La présidence a en outre été éprouvée par les démissions de sept conseillers de Mohamed Morsi depuis le début des troubles, il y a deux semaines. Le dernier en date, Rafik Habib, un Copte, a démissionné jeudi sans donner les raisons de sa décision.

***

L’armée protège la présidence, les anti-Morsi manifestent encore
L’armée égyptienne a déployé des chars et établi un périmètre de sécurité jeudi autour de la présidence, après des heurts meurtriers entre partisans et adversaires du président Mohamed Morsi, dont le renforcement des pouvoirs a plongé le pays dans la crise.
Des informations contradictoires circulaient sur un discours télévisé à la nation du président, prévu jeudi selon un conseiller de M. Morsi tandis que des sources à la présidence évoquaient la possibilité d’un report.
Dans l’après-midi, l’armée a mis en place des barricades de barbelés à environ 150 m du palais présidentiel, après avoir ordonné aux manifestants de quitter les lieux.
Les partisans du président islamiste sont partis mais plusieurs milliers de militants de l’opposition se sont rassemblés à nouveau sur une place à environ 300 m du palais, scandant "le peuple veut la chute du régime", comme durant la révolte contre Hosni Moubarak l’an dernier.
"Nous voulons un Etat civil, ni militaire, ni religieux", proclamait une banderole. "Nous ne laisserons pas faire, nous ne voulons pas devenir l’Iran", affirmait une manifestante, Sahar Ali, 39 ans.

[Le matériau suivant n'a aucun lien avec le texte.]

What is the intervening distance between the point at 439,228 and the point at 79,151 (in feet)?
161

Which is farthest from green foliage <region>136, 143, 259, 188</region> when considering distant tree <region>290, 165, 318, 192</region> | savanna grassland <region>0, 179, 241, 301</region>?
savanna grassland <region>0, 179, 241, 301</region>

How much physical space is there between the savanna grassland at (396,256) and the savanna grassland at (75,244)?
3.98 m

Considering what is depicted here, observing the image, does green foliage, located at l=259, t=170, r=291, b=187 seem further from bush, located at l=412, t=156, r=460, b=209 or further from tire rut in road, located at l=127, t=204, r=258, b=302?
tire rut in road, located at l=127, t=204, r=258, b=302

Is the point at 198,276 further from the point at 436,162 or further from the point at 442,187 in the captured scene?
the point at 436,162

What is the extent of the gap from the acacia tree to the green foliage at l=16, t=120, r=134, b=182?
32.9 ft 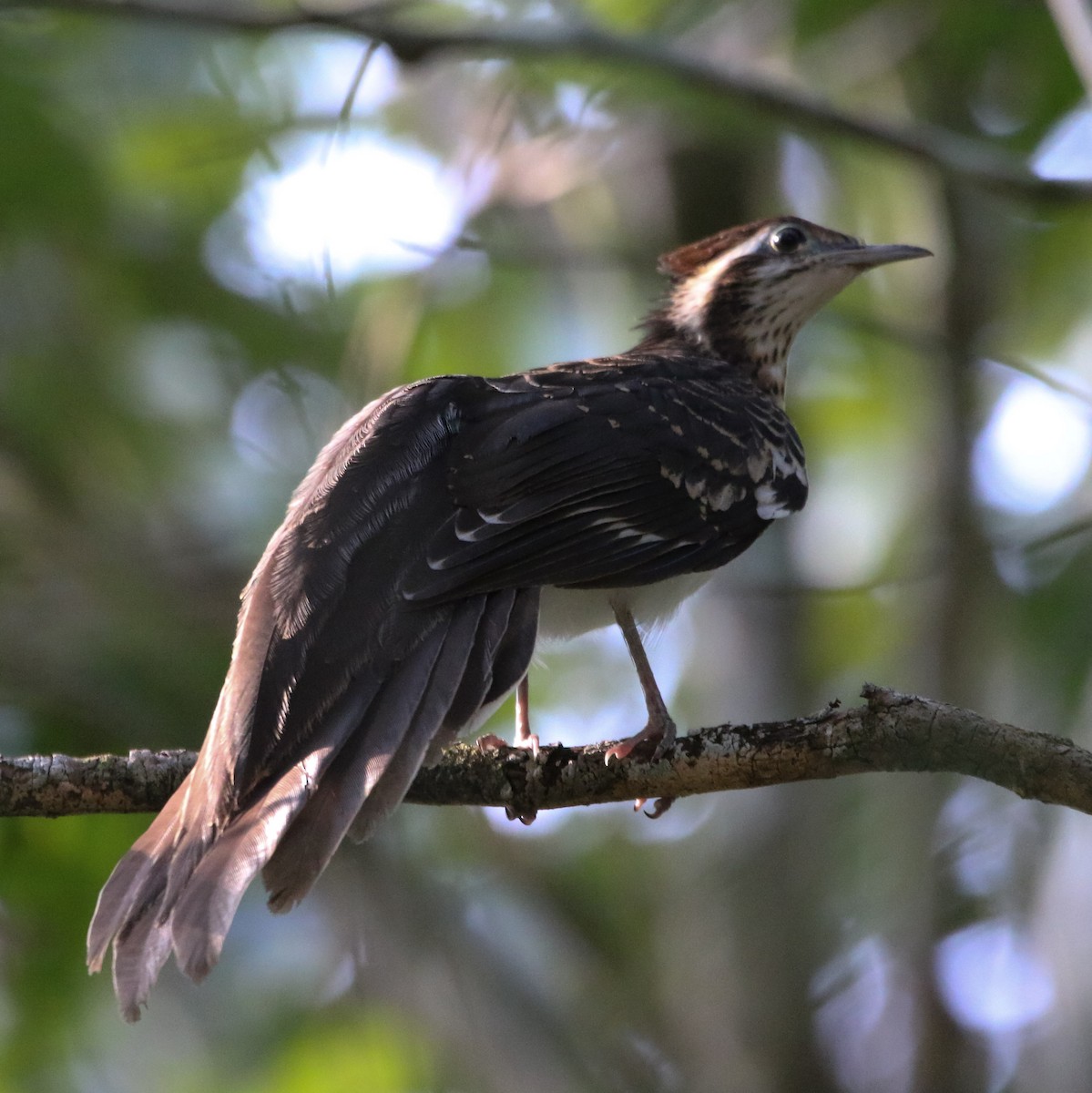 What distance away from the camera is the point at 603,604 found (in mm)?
5609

La garde républicaine, une unité de l’armée chargée de protéger la présidence, avait sommé les manifestants de quitter les abords du palais avant 15H00 et interdit les rassemblements aux alentours du complexe au Caire, selon un communiqué publié par la présidence.

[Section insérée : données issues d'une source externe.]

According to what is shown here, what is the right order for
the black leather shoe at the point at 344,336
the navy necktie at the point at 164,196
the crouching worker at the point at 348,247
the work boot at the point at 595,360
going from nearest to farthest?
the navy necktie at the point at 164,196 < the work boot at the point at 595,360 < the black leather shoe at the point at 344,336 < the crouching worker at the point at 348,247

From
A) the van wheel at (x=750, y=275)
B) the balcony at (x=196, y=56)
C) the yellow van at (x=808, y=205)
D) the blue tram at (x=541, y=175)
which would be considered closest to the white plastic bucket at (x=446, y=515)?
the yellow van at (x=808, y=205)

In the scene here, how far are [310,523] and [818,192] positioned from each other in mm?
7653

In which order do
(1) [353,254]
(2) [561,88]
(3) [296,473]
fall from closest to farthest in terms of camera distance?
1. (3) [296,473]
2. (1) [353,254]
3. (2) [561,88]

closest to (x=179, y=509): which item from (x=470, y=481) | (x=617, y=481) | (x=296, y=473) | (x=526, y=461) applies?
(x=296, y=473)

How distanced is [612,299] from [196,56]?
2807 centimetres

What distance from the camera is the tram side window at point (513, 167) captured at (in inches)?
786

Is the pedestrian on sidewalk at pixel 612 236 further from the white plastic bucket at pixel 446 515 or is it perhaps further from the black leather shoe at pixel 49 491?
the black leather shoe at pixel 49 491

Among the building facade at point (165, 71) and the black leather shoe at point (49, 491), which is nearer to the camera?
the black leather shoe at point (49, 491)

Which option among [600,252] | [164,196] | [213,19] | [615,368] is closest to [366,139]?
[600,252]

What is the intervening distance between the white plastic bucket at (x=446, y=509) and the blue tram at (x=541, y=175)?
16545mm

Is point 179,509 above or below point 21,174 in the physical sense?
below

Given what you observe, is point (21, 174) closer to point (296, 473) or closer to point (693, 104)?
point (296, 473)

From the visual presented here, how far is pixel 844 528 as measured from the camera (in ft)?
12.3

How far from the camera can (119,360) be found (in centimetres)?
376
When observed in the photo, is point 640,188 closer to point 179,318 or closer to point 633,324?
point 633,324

"Nous sécurisons le président qui représente la légitimité" mais "la garde républicaine n’ouvrira jamais le feu sur le peuple", a affirmé sur place un officier de cette unité à l’AFP.
Les heurts qui ont duré toute la nuit de mercredi à jeudi ont fait, selon un dernier bilan de sources médicales, sept morts et des centaines de blessés. Il s’agit des pires violences depuis l’élection en juin de M. Morsi, le premier président islamiste d’Egypte.
Durant la nuit, des batailles à coups de bâtons, de cocktails Molotov et de jets de pierres ont eu lieu aux alentours du palais présidentiel entre camp rivaux, avec de brèves périodes d’accalmie, et des coups de feu ont été entendus.
Aux premières heures du matin, des chars et véhicules blindés avaient pris position près de l’entrée du complexe présidentiel, dans le quartier d’Héliopolis, où les rues jonchées de pierres et de bris de verre témoignaient de l’intensité des accrochages de la nuit.
Des opposants à M. Morsi ont également incendié des locaux des Frères musulmans à Ismaïliya et Suez (nord-est).
Deux journalistes et un technicien de Radio France Internationale (RFI) ont été frappés mercredi alors qu’ils couvraient ces manifestations, a indiqué la station.
Dans ce contexte, la Bourse du Caire a encore perdu du terrain, son indice de référence EGX-30 cédant 4,6% jeudi à la clôture.
L’Egypte traverse une grave crise depuis un décret du 22 novembre par lequel M. Morsi a étendu ses prérogatives et les a placées au-dessus de tout contrôle judiciaire, une situation qui s’apparente de fait à des pleins pouvoirs.
L’opposition, qui dénonce une dérive dictatoriale, proteste aussi contre la tenue le 15 décembre d’un référendum sur un projet de Constitution accusé d’offrir peu de garanties pour les libertés d’expression et de religion et d’ouvrir la voie à une application plus étendue de la loi islamique.
M. Morsi répète que ses pouvoirs exceptionnels sont "temporaires" et ne sont destinés qu’à accélérer une transition tumultueuse entamée après la chute de Hosni Moubarak il y a près de deux ans.
Pour sortir de la crise, l’institution égyptienne d’Al-Azhar, la plus haute autorité de l’islam sunnite, a demandé au président de suspendre le décret.
A l’étranger, l’Europe et les Etats-Unis ont appelé à la retenue et au dialogue.
L’opposition conditionne tout dialogue au retrait du décret et à l’annulation du référendum. Mohamed ElBaradei, chef de la coalition de l’opposition, a fait porter mercredi à M. Morsi "l’entière responsabilité" des violences, assurant que le régime perdait "de sa légitimité jour après jour".